Repository information

The notebook (.ipynb) files contain the code to load the results and generate the figures and tables presented in the paper, and the python (.py) files contain the scripts to produce the results, that are saved in the outputs folder.

To use SourceLossWeighting, you should use the python package loss_adapted_plasticity. It only requires a small change to the training loop:

# define the loss weighting with the desired parameters #
loss_weighting = LossAdaptedPlasticity(
    history_length=LAP_HISTORY_LENGTH,
    warmup_iters=WARMUP_ITERS,
    depression_strength=DEPRESSION_STRENGTH,
    leniency=LENIENCY,
)

# ensure that your loss function #
# returns a loss for each sample in the batch #
criterion = nn.LossFunctionOfSomeKind(reduction="none")

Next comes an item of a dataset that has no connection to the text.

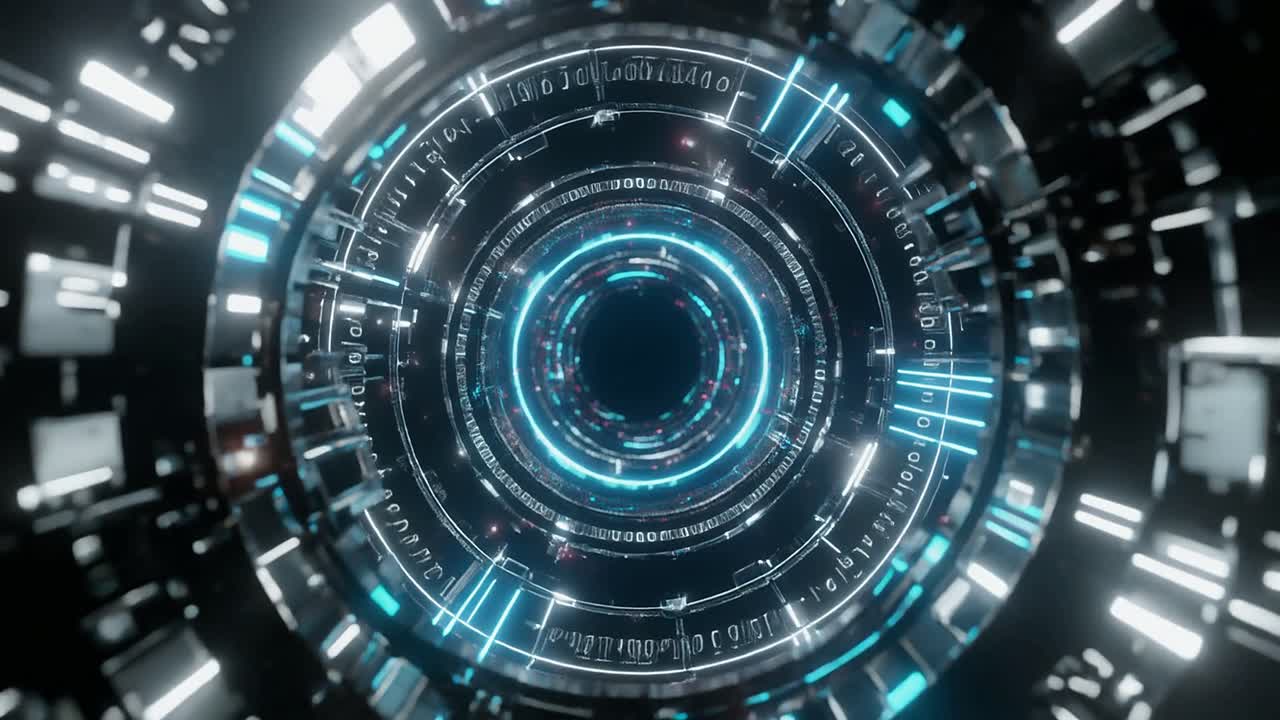 Volando Attraverso un Futuristico Tunnel di Dati Digitali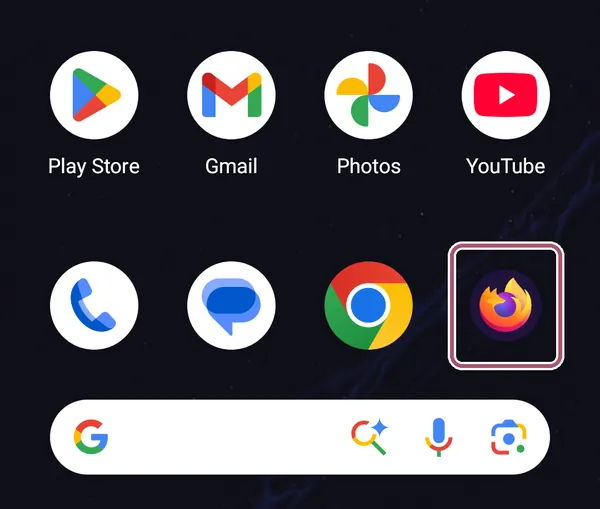 The Firefox app icon, a purple and orange globe with a fox, among the phone's apps. It is outlined.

for epoch in range(epochs):
    for data, target, sources in train_loader:
        optimizer.zero_grad()
        output = model(data)
        losses = criterion(output, target)
        
        # compute the weighted loss #
        loss = loss_weighting(losses, sources).mean()
        
        loss.backward()
        optimizer.step()

The loss_weighting object will keep track of the loss history for each source, and will compute the weighted loss for each batch in $O(S \times S_b + B)$ time (where $S$ is the number of unique sources, $S_b$ is the number of unique sources in a batch, and B is the batch size) by computing the weighted mean and standard deviation online. The loss_weighting object can be used with any loss function that returns a loss for each sample in the batch and will return a weighted loss for each sample, which can then be reduced (usually by the mean or sum) to get the batch loss used in back-propagation.

Repository structure

The repository is structured as follows:

source_loss_weighting
==============================
   # code for the baselines
   ├─ baselines
      ├─ arfl
      ├─ cdr
      ├─ coteaching
      ├─ idpa
      ├─ nls
      ├─ rrl
==============================
   # data gets downloaded to here
   ├─ data
==============================
   # the code for the *test_synthetic* experiments
   ├─ experiment_code
      # data loading and processing
      ├─ data_utils 
      # general utility code
      ├─ utils 
==============================
   # code to generate figures in the notebooks
   ├─ graph_code 
==============================
   # code used in all experiments to scale the gradients or losses
   ├─ loss_adapted_plasticity
==============================
   # where the results are saved and will be loaded from
   ├─ outputs
      # outputs of 13_california_housing_regression.py
      ├─ california_housing
      # outputs of 4_test_cifar10n_different_noise_presnet.py
      ├─ cifar_10n_different_noise_results
      # outputs of 8_test_cifar10n_different_noise_low_capacity.py
      ├─ cifar_10n_different_noise_results_low_capacity
      # outputs of 7_test_synthetic_different_noise_presnet.py
      ├─ cifar_different_noise_results
      # outputs of 10_difficult_data.py
      ├─ difficult_data
      # outputs of 3_test_ecg_different_noise.py
      ├─ ecg_results
      # outputs of 6_test_goemotions.py
      ├─ goemotions
      # graphs from the notebooks
      ├─ graphs 
      # outputs of 12_imagenet64_random_label_and_noise.py
      ├─ imagenet64_random_label_and_noise
      # outputs of 5_test_nlp_random_label.py
      ├─ imdb_random_label
      # outputs of 2_test_presnet.py and baselines
      ├─ presnet_results
         ├─ baseline
            ├─ rrl
      # outputs of 1_test_synthetic.py and baselines
      ├─ synthetic_results
         ├─ baseline
            ├─ arfl
               ├─ cifar10
               ├─ cifar100
               ├─ fmnist
         ├─ co-teaching
         ├─ idpa
      # outputs of 9_test_synthetic_batches_multiple_source_varied_sizes.py
      ├─ synthetic_results_batch_multiple_sources_varied_sizes
      # outputs of 11_tiny_imagenet_random_label.py
      ├─ tiny_imagenet_random_label
      # outputs of 0_test_hparams.ipynb
      ├─ toy_example
==============================

Requirements

This code was tested with python 3.11.5 and pip 24.0 and the required python packages are located in the requirements.txt file.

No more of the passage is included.